Early version of profiler harness #959

beroy · 2024-01-29T03:05:12Z

Include a basic benchmark as the starting point and needed scripts

codecov · 2024-01-29T04:47:22Z

Codecov Report

All modified and coverable lines are covered by tests ✅

Project coverage is 76.94%. Comparing base (4f40690) to head (a85038a).

❗ Current head a85038a differs from pull request most recent head c4b9a26. Consider uploading reports for the commit c4b9a26 to get more accurate results

Additional details and impacted files

@@           Coverage Diff           @@
##             main     #959   +/-   ##
=======================================
  Coverage   76.94%   76.94%           
=======================================
  Files          72       72           
  Lines        5691     5691           
=======================================
  Hits         4379     4379           
  Misses       1312     1312

Flag	Coverage Δ
unittests	`76.94% <ø> (ø)`

Flags with carried forward coverage won't be shown. Click here to find out more.

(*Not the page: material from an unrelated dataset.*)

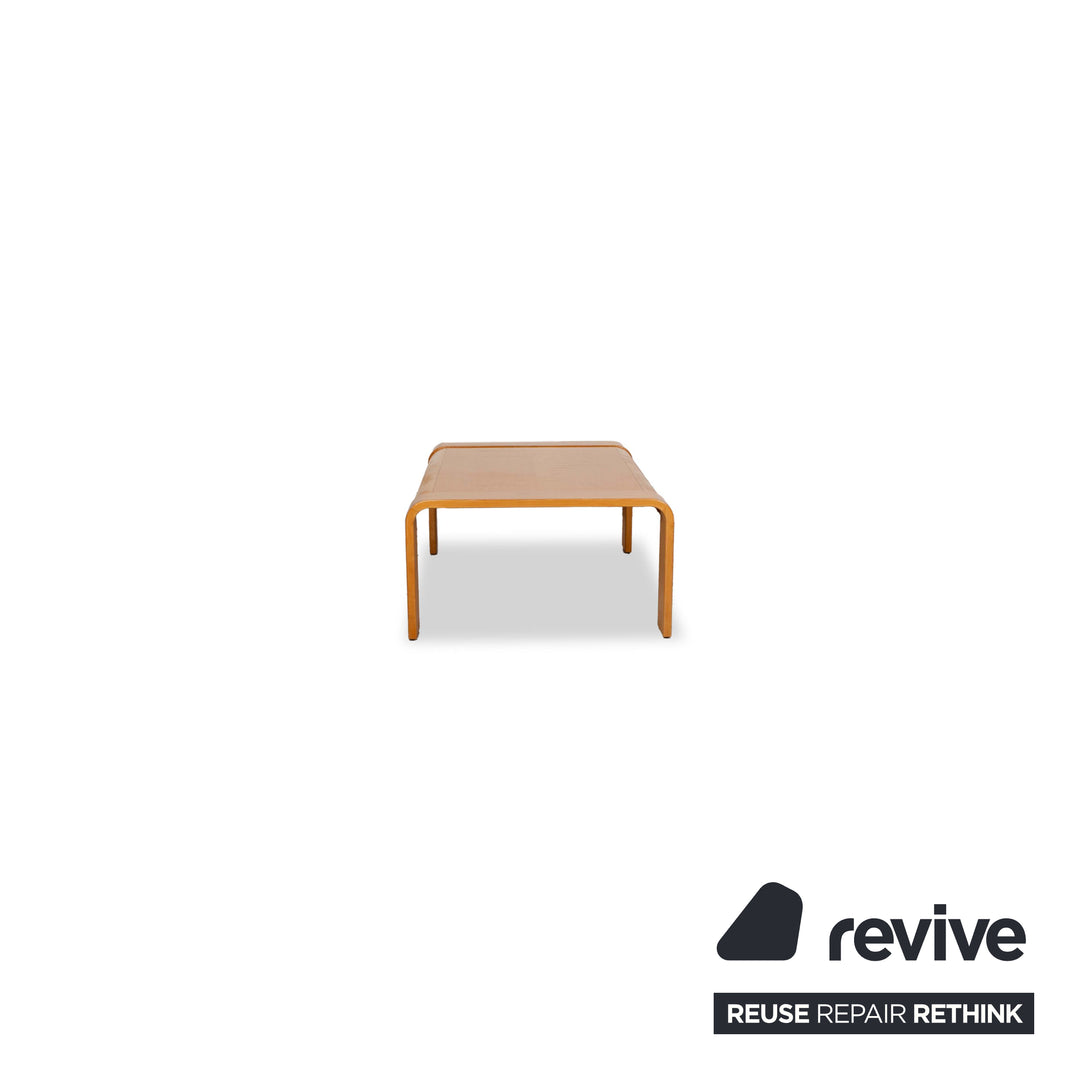Musterring wooden coffee table brown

☔ View full report in Codecov by Sentry.
📢 Have feedback on the report? Share it here.

atolopko-czi · 2024-01-29T14:21:53Z

.github/workflows/profiler.yml

@@ -0,0 +1,30 @@
+name: Performance check


would align this name with the workflow file name

atolopko-czi · 2024-01-29T14:22:27Z

.github/workflows/profiler.yml

+    steps:
+      - uses: actions/checkout@v4
+        with:
+          fetch-depth: 0


1 if you just want the HEAD commit.

atolopko-czi · 2024-01-29T14:26:50Z

tools/perf_checker/benchmark1.py

This is is testing "export anndata", so why not name the file as such?

and maybe put all the benchmarks into a subdir. The perf_checker.sh script could just iterate through all the files, allowing the explicit definition (and future update) of the benchmarks array in the script.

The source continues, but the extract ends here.